PyTorch
Introduction
PyTorch is a popular machine learning framework.
We use PyTorch version f5788898a928cb2489926c1a5418c94c598c361b. We study resnet50, bert, deepwave models.
We apply the following commands to compile PyTorch from source.
spack install miniconda3
conda install numpy ninja pyyaml mkl mkl-include setuptools cmake cffi typing_extensions future six requests dataclasses
conda install -c pytorch magma-cuda110
export CMAKE_PREFIX_PATH=${CONDA_PREFIX:-"$(dirname $(which conda))/../"}
export USE_CUDA=1
export REL_WITH_DEB_INFO=1
export MAX_JOBS=16
export USE_NINJA=OFF
python setup.py install
resnet
We get the resnet example from the pytorch benchmark repo.
To ease the installtion, we provide 1-spatial-convolution-model.py and 1-spatial-convolution-unit.py to check layer-wise and end-to-end performance.
deepwave
We provide the instructions for installing deepwave here.
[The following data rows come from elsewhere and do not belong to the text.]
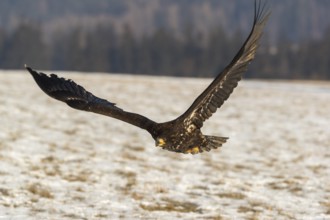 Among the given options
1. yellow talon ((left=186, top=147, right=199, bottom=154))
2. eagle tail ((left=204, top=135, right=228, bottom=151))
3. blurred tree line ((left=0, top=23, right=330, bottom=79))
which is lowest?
yellow talon ((left=186, top=147, right=199, bottom=154))

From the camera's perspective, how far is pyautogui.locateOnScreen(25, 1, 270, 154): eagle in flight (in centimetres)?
756

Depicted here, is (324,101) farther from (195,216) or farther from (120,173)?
(195,216)

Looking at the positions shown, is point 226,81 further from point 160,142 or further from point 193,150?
point 160,142

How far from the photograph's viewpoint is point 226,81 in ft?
25.4

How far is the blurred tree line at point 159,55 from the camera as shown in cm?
10438

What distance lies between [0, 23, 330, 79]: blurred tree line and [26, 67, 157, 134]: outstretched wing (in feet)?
307

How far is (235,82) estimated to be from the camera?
25.7ft

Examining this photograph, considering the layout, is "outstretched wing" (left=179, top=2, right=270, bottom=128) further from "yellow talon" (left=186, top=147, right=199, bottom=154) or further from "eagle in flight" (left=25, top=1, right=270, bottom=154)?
"yellow talon" (left=186, top=147, right=199, bottom=154)

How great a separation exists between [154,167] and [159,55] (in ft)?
311

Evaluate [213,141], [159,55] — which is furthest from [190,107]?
[159,55]

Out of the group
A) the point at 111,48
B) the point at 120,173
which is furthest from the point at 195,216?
the point at 111,48

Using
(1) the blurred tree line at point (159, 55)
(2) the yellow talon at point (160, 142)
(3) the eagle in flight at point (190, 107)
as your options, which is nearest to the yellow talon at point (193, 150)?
(3) the eagle in flight at point (190, 107)

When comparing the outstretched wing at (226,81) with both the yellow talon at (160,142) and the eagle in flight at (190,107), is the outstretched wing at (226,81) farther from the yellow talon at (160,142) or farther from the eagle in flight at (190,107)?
the yellow talon at (160,142)

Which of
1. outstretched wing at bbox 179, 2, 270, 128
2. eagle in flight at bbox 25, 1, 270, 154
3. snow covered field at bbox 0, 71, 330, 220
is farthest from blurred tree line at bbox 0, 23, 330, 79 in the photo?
outstretched wing at bbox 179, 2, 270, 128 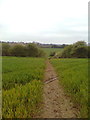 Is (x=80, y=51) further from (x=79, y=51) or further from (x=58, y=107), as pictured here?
(x=58, y=107)

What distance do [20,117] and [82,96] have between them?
2.43 metres

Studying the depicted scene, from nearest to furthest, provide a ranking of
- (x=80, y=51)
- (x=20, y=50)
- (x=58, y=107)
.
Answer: (x=58, y=107), (x=80, y=51), (x=20, y=50)

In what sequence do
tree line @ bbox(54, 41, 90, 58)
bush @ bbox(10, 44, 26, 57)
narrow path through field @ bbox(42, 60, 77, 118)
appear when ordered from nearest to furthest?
narrow path through field @ bbox(42, 60, 77, 118)
tree line @ bbox(54, 41, 90, 58)
bush @ bbox(10, 44, 26, 57)

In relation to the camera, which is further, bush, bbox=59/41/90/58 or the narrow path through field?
bush, bbox=59/41/90/58

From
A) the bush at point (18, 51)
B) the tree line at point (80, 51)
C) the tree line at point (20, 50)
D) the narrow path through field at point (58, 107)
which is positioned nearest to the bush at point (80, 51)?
the tree line at point (80, 51)

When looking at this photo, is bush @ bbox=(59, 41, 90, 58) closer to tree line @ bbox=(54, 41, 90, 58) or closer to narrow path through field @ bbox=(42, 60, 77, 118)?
tree line @ bbox=(54, 41, 90, 58)

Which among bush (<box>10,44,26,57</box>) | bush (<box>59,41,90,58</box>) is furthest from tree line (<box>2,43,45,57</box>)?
bush (<box>59,41,90,58</box>)

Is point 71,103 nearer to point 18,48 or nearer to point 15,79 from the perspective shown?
point 15,79

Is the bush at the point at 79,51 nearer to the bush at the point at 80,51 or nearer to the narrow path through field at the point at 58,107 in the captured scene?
the bush at the point at 80,51

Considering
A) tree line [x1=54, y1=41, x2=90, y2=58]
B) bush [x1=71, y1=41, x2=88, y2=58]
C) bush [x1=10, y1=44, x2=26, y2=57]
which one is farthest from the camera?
bush [x1=10, y1=44, x2=26, y2=57]

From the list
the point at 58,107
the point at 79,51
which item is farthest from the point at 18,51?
the point at 58,107

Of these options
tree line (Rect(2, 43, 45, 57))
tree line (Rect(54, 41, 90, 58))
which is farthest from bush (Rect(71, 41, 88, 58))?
tree line (Rect(2, 43, 45, 57))

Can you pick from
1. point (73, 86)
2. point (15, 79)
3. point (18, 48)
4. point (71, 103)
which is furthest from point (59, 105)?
point (18, 48)

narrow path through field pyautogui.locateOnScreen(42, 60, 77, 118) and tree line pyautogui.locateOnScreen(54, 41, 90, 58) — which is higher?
tree line pyautogui.locateOnScreen(54, 41, 90, 58) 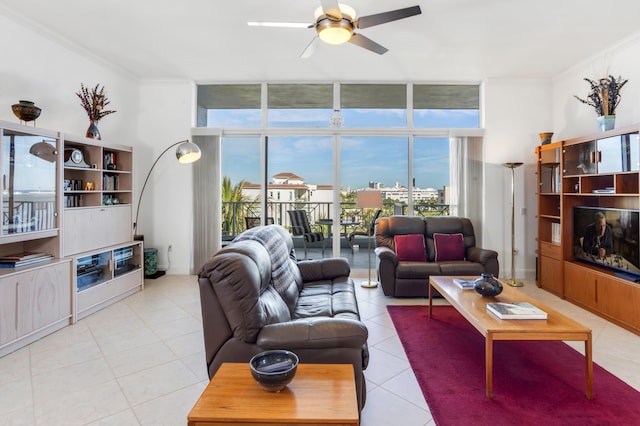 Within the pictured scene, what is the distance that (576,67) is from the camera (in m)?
4.45

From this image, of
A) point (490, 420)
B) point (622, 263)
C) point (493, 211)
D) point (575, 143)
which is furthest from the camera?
point (493, 211)

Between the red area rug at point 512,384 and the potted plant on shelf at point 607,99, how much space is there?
2561 millimetres

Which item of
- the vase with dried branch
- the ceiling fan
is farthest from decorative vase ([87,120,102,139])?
the ceiling fan

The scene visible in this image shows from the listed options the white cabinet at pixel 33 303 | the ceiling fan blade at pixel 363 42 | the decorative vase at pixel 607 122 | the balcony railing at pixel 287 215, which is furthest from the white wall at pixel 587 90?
the white cabinet at pixel 33 303

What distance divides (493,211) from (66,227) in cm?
552

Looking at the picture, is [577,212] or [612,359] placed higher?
[577,212]

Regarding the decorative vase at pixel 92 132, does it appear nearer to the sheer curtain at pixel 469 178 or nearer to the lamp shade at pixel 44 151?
the lamp shade at pixel 44 151

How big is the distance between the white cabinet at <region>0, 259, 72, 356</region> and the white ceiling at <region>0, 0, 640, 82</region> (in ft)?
8.18

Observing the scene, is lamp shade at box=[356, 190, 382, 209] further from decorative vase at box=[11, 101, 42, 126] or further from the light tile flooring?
decorative vase at box=[11, 101, 42, 126]

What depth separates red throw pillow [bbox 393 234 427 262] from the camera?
4.37 m

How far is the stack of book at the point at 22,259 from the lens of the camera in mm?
2811

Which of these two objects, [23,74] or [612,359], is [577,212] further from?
[23,74]

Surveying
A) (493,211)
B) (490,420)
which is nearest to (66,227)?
(490,420)

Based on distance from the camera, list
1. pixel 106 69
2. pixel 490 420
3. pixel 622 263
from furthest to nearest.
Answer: pixel 106 69
pixel 622 263
pixel 490 420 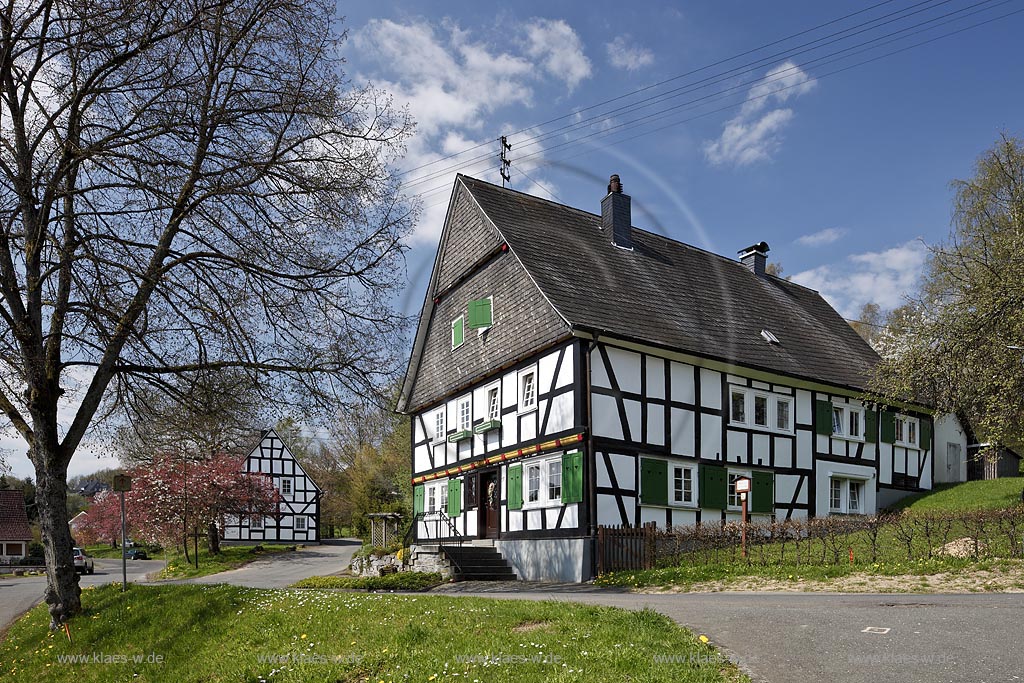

To ease checking the problematic kernel, we provide 2-replication-pad3d.py script which only has a single ReplicationPad3d kernel.
bert
We get the reset example from the pytorch benchmark.
To ease checking the problematic kernel, we provide 3-embedding-unit.py script which only has a single Embedding kernel.
Profiling
Profiling a Python application takes extra steps than a normal application. We have a general guide to profile application in the FAQ page.
An example profiling command is attached below for reference:
LD_LIBRARY_PATH=/path/to/python/install/lib/python<version>/site-packages/torch:$LD_LIBRARY_PATH hpcrun -e gpu=nvidia,data_flow -ck HPCRUN_SANITIZER_READ_TRACE_IGNORE=1 -ck HPCRUN_SANITIZER_DATA_FLOW_HASH=0 -ck HPCRUN_SANITIZER_GPU_ANALYSIS_BLOCKS=1 -ck HPCRUN_SANITIZER_GPU_PATCH_RECORD_NUM=131072 python ./<pytorch-script>.py
Optimization
We don’t provide an automate performance testing suite for PyTorch in GVProf because recompile PyTorch for just small code changes still take long time and is a pain on low end servers.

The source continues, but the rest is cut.